For current of a conductor with constant cross-sectional area ($A$) and length displacement of ($\bm{L}$), the volume can be evaluated as ($V = AL$), leading to a force of:

$$\begin{aligned} \bm{F_m} = \int I(d\bm{L})\times B = I \int \bm{B}\times d\bm{L} \end{aligned}$$

Since IB only considers interactions of current with uniform electric fields, magnetic field $\bm{B}$ is constant, evaluating the force to:

$$\begin{aligned} \bm{F_m} = I(\bm{L}\times\bm{B}) \end{aligned}$$

Since IB considers the direction separately by the use of right hand rule (Motor effect), the magnitude of the force is expressed as:

$$\begin{aligned} |\bm{F_m}| = F = I|\bm{L}\times\bm{B}| = I|\bm{L}||\bm{B}|\sin\theta = BIL\sin\theta \end{aligned}$$

This is expressed in the formula booklet $D.3$.

Motion Between Currents

According to Ampere's Law, current ($I_1$) generates a magnetic field ($\bm{B_1}$), due to rotational symmetry around the direction of current, the magnetic field can be express using cylindrical coordinates ($\hat{\phi}$) shows:

$$\begin{aligned} \bm{B_1} = \frac{\mu_0 I_1}{2\pi r}\hat{\bm{\phi}} \end{aligned}$$

For a $\hat{\phi} = \hat{y}$ where $\hat{y}$ is a unit vector perpendicular to other current ($I_2$).
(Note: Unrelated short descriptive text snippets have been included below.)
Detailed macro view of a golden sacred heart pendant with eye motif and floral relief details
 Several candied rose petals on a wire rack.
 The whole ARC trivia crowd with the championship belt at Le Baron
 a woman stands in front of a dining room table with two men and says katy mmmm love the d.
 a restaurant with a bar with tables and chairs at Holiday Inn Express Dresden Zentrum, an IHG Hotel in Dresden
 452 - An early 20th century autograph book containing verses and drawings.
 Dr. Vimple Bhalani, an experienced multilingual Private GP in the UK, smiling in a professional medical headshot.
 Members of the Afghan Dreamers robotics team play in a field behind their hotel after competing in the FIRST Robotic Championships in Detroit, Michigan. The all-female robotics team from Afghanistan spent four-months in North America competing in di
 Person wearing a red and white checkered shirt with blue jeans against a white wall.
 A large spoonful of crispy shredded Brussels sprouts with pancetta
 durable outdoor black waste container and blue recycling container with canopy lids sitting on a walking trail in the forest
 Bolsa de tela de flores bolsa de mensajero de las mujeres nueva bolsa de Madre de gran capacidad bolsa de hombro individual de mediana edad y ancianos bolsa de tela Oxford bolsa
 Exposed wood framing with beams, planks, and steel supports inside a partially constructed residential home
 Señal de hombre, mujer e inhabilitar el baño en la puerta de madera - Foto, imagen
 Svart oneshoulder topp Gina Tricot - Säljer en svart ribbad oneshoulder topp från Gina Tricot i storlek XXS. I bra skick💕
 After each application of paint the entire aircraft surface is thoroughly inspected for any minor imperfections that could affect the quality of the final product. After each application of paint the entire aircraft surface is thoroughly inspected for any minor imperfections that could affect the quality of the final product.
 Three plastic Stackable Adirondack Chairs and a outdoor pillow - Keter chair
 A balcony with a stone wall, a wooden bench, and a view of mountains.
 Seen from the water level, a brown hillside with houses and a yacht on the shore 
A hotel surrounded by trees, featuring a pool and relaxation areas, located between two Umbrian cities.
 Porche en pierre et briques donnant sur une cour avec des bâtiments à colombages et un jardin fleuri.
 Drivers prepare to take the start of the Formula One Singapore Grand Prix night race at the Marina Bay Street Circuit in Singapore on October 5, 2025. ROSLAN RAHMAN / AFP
Using the Lorentz Force Law, the magnetic force ($F_{12}$) experienced by the other current is:

$$\begin{aligned} \bm{F_{12}} &= I_2(\bm{L}\times\bm{B_1})\\ \bm{F_{12}} &= I_2L(\hat{z}\times{B_1}), \quad \hat{z} = \hat{\bm{L}}\\ \bm{F_{12}} &= I_2L\left(\hat{z}\times\frac{\mu_0 I_1}{2\pi r}\hat{y}\right)\\ \bm{F_{12}} &= -\frac{\mu_0 I_1 I_2 L}{2\pi r}\hat{x}, \quad \hat{y} \times \hat{z} = -\hat{x} \end{aligned}$$

Similar to before the IB expresses the magnitude form of this equation in the formula booklet:

$$\begin{aligned} |\bm{F_{12}}| = F = -\frac{\mu_0 I_1 I_2 L}{2\pi r}\hat{x} = \mu_0 \frac{I_1 I_2 L}{2\pi r} \end{aligned}$$

Where the direction of motion on current can be determined by right hand rule (motor effect).